Referring expression grounding data
-*-

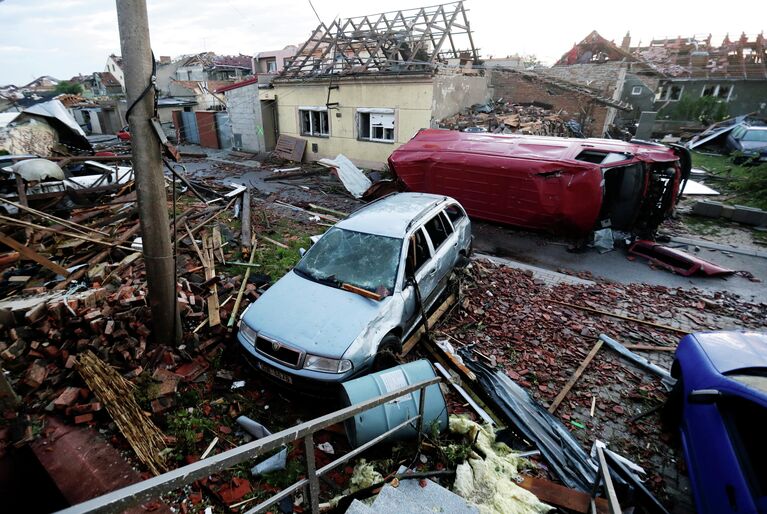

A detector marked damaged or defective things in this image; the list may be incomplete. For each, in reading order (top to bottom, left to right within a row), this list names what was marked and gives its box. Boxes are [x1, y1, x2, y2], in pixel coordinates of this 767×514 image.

broken roof [280, 1, 476, 79]
broken wall [225, 82, 268, 152]
broken wall [268, 76, 438, 168]
damaged house [262, 1, 492, 167]
damaged building facade [262, 1, 492, 167]
broken wall [432, 70, 492, 122]
broken wall [488, 71, 608, 138]
overturned red van [390, 129, 688, 235]
broken window glass [294, 227, 402, 294]
shattered windshield [294, 228, 402, 296]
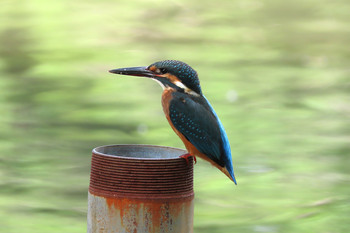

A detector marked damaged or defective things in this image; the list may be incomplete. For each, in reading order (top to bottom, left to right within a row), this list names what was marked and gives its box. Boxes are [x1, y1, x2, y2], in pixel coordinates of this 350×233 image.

rusty metal pipe [86, 145, 193, 232]
rust stain on pipe [86, 145, 193, 232]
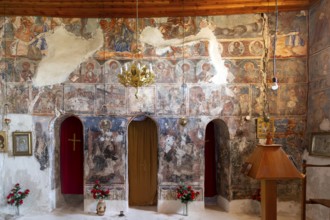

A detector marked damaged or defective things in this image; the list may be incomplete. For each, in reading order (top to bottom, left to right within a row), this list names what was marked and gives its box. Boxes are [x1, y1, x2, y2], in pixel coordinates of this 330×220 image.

peeling plaster [33, 26, 103, 87]
peeling plaster [139, 26, 227, 84]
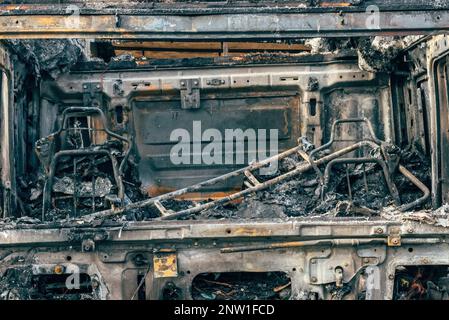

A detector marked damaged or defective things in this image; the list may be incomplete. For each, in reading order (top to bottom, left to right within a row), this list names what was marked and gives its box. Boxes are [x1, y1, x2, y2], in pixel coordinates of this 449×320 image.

damaged hinge [179, 79, 200, 110]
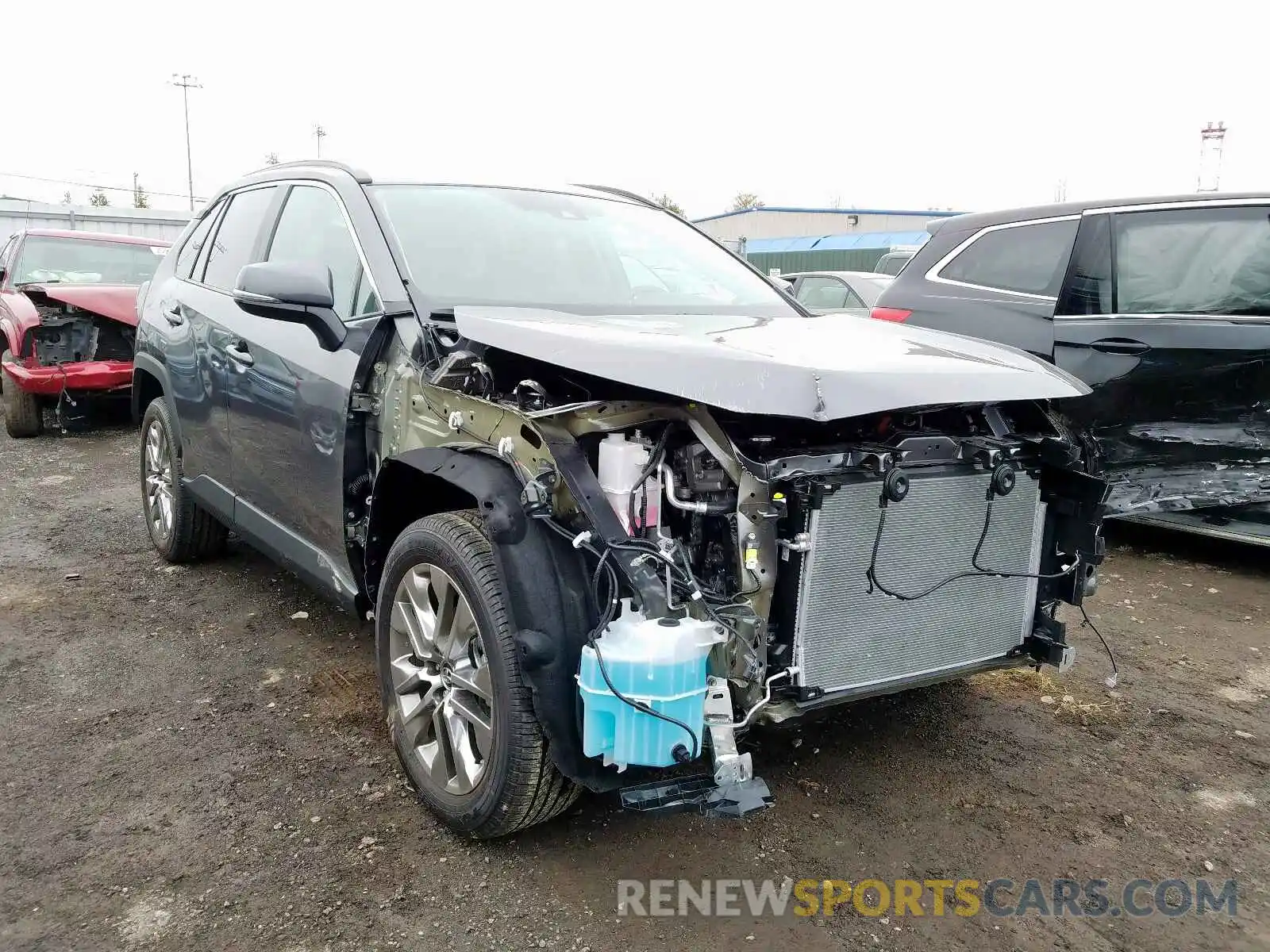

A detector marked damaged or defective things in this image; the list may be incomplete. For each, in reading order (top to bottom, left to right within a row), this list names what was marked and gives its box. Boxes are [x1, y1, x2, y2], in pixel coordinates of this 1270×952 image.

crumpled hood [27, 282, 139, 327]
red car's damaged front end [0, 229, 171, 439]
crumpled hood [457, 309, 1092, 421]
damaged gray suv [131, 166, 1112, 843]
exposed inner fender [381, 451, 645, 792]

-*-

INSTRUCTIONS TO FOLLOW: Retype all entries above verbatim; no pictures belong in the copy.

FINAL ANSWER:
A detector marked damaged or defective things in this image; the list may be incomplete. For each, in reading order (top to bottom, left to right within a row), this list names what was marked and gives its box. Boxes are [x1, y1, x2, y2], in pixel coordinates of this 767×514 image.

broken roof [280, 1, 476, 79]
broken wall [225, 82, 268, 152]
broken wall [268, 76, 438, 168]
damaged house [262, 1, 492, 167]
damaged building facade [262, 1, 492, 167]
broken wall [432, 70, 492, 122]
broken wall [488, 71, 608, 138]
overturned red van [390, 129, 688, 235]
broken window glass [294, 227, 402, 294]
shattered windshield [294, 228, 402, 296]

A detector marked damaged or defective things in this image; the list may be incomplete. For each, in reading order (top to bottom, left to right within a row), this list names what was marked and gives its box. Boxes are [x1, y1, x2, y2], in pixel coordinates of this 350×233 image.

rusty metal pipe [86, 145, 193, 232]
rust stain on pipe [86, 145, 193, 232]

A detector marked damaged or defective things in this image; the list may be incomplete. For each, in reading order (top to bottom, left to right within a row), this list names what was marked and gives its box. Boxes are [x1, y1, x2, y2], in pixel coordinates of this 330×220 image.

peeling plaster [33, 26, 103, 87]
peeling plaster [139, 26, 227, 84]

A detector marked damaged or defective things in this image; the list may be incomplete. For each, in reading order (top to bottom, left to right within a row), this list names what was marked and gives its box. Boxes are [x1, y1, x2, y2], in pixel coordinates of this 449×320 image.

damaged hinge [179, 79, 200, 110]

A detector marked damaged or defective things in this image; the list may be incomplete. For each, in reading order (top to bottom, left to right within a row), this list names what was marked and gives its box. Boxes are [x1, y1, x2, y2], in pixel coordinates of this 1270×952 image.

crumpled hood [27, 282, 139, 327]
red car's damaged front end [0, 229, 171, 439]
crumpled hood [457, 309, 1092, 421]
damaged gray suv [131, 166, 1112, 843]
exposed inner fender [381, 451, 645, 792]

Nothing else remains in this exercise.